The Fifty Shades of Economic Inequality
Tyler BrownTHE SANTA CLARAJanuary 22, 2014
[dropcap]O[/dropcap]ne afternoon at the Malley Center, I was going through the motions of my usual workout when, out of the corner of my eye, I saw a fellow student step up to a barbell stacked with what looked like far too much weight. To my chagrin, he began to repeatedly deadlift the barbell with form that screamed, “Sure, I’d love to horribly injure my back!”
I was reminded of this free-weight fiasco a week later when I attended a discussion led by economics professors Alexander Field and William Sundstrom.
The discussion was centered on “Capital in the Twenty-First Century,” a 2013 book by French economist Thomas Piketty.

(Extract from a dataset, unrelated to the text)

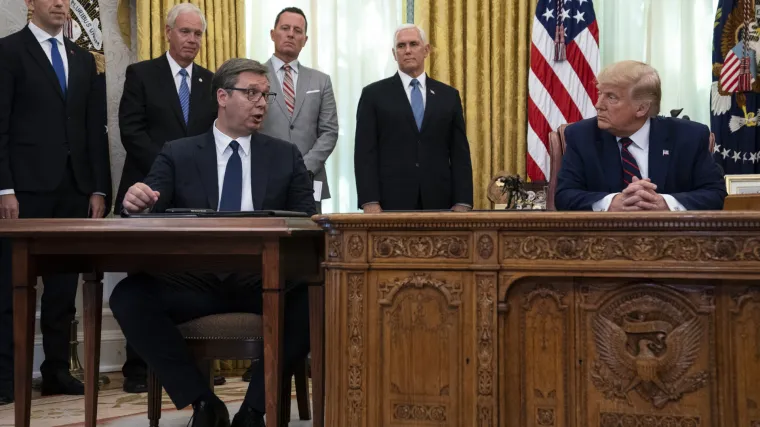 Vučić ponudio obja&scaron;njenje za viralnu snimku s Trumpom: 'Kažu da nisam pročitao sporazum...'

Carried by Piketty’s painstaking research and innovative thought, “Capital” has quickly become one of the most heavily discussed economic works in decades.
Now, for an econ nerd such as myself, the thought of such a book being released is enough to jumpstart my salivary glands. But I recognize that other people’s interests might lie elsewhere. For those people, reading a 600-page tome on economics is probably about as fascinating as binge-watching C-SPAN.
There is a reason, though, that the book has been called the “Fifty Shades of Grey” of economics books in terms of its impressive bestselling numbers. But it didn’t sell so many copies because of its flowery sexcapades.
“Capital” paints a vivid, empirical and all-too-scary picture of what I believe is the most challenging issue facing Americans today: economic inequality.
It may still be too early to tell, but upon looking back at the Occupy Movement, it’s a stretch to label it a success; the rich are still getting richer, the poor are still getting poorer and injustices against gender and race are still as prevalent as ever.
If there is one area that the Occupy Movement did succeed in, it was spreading awareness and generating debate about just how unequally wealth is distributed in America. It even condensed the perpetrators of inequality into a handy buzz-phrase, the aptly coined “one percent.”
If it’s true that economic inequality in our country is worsening, why is nothing being done about it? A brief look at U.S. lawmakers is the only thing required to answer this question. Last year marked the first time in history when millionaires made up a majority of Congress. So if the people in charge of fixing a problem are the ones benefitting from it, they have no incentive to take action. This rule rings especially true when their fellow top decile members are the ones keeping them in office.
If you look at the current state of the U.S. economy, there might not appear to be such a pressing difficulty. The unemployment rate is falling, exports are rising and our GDP is rising faster than most of the world’s other largest economies. If these things can occur simultaneously with the growth of economic inequality, what’s the problem?
Unfortunately for the lower 90 percent, the reasons inequality is damaging directly correlate with the reasons it’s not going away anytime soon.
Placing the vast majority of income and wealth into the hands of a small group of people is a disastrous move that could result in the undermining of democracy, as politicians are much more likely to respond to the desires of those who are funding their campaigns than nameless voters.
A second institution that economic inequality damages is the financial system itself. Our politicians say that America is a land of equal opportunity for all, but in a world with rising costs of living, steep tuition costs and unchanging real wages, how much longer will they be able to keep a straight face?
The truth is that America is, and will in all likelihood remain, a rich country. The sad part is that it isn’t one in which every citizen gets to see the benefits of that wealth. Just like that perplexed sap deadlifting at the gym: lots of weight, poor form. And unless someone tells him otherwise, it’s only a matter of when, not if, he breaks his back.
Tyler Brown is a junior economics major.